EXERCISE OBJECTIVE: Identify all lines in the data containing the string "Treatment". Copy them out.

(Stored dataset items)
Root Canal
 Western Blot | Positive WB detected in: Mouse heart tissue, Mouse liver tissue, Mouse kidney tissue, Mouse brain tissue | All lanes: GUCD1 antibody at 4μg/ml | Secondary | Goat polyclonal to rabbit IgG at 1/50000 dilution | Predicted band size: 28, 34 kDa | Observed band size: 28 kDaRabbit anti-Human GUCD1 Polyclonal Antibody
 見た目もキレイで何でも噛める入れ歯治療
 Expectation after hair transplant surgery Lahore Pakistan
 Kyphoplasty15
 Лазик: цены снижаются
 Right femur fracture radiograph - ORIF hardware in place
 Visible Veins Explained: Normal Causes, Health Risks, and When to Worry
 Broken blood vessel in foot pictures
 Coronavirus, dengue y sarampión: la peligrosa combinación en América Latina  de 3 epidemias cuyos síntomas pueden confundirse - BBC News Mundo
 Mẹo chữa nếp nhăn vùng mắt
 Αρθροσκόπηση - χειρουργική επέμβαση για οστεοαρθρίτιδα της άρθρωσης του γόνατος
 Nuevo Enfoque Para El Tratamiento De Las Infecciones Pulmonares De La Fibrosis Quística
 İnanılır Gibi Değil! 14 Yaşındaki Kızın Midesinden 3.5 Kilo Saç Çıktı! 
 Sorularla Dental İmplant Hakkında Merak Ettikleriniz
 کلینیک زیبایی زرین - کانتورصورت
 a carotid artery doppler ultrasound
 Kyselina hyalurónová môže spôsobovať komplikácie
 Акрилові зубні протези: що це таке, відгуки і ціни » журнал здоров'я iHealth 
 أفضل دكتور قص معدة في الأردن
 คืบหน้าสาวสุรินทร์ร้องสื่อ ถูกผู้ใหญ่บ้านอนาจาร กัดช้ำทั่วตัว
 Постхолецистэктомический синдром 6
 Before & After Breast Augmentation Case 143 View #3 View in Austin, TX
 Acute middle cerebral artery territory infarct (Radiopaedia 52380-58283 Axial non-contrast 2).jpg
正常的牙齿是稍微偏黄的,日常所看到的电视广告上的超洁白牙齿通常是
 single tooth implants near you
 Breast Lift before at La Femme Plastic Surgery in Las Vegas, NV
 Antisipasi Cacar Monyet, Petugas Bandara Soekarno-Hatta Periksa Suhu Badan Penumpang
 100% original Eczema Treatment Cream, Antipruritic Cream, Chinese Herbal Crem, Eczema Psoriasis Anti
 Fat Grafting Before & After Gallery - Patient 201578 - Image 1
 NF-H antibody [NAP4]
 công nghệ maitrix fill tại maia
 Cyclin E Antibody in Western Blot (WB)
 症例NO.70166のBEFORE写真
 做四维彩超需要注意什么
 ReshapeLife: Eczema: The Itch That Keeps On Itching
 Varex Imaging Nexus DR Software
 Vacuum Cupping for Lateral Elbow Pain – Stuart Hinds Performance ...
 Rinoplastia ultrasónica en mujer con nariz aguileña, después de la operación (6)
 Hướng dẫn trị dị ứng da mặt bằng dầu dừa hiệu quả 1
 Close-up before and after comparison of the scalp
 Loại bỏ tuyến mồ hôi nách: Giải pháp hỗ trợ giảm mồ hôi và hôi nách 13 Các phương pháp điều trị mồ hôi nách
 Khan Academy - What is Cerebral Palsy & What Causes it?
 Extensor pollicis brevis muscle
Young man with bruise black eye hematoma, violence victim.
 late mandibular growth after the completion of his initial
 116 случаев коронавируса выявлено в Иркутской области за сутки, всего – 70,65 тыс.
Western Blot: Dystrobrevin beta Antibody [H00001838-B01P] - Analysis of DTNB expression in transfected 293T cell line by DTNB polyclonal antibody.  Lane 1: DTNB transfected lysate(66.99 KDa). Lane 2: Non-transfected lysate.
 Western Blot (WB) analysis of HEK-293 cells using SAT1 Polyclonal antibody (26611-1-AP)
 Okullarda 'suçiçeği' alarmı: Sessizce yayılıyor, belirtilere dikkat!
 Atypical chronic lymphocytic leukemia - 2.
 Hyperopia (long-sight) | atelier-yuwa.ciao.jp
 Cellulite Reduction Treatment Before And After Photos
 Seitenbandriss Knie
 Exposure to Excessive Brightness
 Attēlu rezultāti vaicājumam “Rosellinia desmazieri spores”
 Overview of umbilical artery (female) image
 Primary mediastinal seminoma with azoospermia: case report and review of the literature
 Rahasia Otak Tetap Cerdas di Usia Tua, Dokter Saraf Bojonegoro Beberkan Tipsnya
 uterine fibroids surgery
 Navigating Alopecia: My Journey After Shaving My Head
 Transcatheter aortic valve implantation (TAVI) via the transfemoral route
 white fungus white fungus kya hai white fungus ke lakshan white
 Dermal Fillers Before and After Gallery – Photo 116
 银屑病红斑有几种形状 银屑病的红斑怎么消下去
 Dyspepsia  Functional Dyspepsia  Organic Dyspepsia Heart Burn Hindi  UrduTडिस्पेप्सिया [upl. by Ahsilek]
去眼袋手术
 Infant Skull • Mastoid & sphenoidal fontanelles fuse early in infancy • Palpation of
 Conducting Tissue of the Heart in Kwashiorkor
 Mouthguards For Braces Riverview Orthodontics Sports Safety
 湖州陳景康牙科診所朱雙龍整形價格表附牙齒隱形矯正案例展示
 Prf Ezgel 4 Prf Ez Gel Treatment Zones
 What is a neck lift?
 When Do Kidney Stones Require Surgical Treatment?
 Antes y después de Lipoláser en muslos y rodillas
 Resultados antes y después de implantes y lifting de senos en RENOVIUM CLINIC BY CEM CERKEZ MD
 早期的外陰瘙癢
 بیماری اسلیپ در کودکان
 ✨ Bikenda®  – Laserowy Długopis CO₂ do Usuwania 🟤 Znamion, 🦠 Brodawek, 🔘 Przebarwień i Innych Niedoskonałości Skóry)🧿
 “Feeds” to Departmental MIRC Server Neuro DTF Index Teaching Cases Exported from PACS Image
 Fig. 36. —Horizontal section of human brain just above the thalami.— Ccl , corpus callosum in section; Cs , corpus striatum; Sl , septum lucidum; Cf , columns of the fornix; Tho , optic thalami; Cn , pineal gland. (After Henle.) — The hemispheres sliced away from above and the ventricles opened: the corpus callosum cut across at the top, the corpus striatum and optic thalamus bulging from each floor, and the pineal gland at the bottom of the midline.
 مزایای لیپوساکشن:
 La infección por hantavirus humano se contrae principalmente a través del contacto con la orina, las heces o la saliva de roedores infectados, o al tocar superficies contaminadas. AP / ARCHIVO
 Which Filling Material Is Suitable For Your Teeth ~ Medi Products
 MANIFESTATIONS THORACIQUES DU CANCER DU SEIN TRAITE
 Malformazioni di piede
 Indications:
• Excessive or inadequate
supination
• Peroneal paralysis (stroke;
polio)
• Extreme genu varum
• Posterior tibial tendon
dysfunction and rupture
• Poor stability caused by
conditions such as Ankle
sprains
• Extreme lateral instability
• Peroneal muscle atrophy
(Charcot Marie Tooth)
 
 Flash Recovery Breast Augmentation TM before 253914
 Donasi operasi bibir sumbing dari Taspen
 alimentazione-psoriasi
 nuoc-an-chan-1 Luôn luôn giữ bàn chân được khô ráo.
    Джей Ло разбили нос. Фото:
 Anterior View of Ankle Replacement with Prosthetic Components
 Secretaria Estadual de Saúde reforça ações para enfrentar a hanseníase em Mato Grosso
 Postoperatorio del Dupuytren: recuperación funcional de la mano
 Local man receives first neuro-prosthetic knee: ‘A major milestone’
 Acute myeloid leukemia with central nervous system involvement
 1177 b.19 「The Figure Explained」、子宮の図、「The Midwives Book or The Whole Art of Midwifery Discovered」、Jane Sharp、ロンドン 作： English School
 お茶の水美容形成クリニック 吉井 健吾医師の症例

EXERCISE RESPONSE:
 100% original Eczema Treatment Cream, Antipruritic Cream, Chinese Herbal Crem, Eczema Psoriasis Anti
 Cellulite Reduction Treatment Before And After Photos
 Prf Ezgel 4 Prf Ez Gel Treatment Zones
 When Do Kidney Stones Require Surgical Treatment?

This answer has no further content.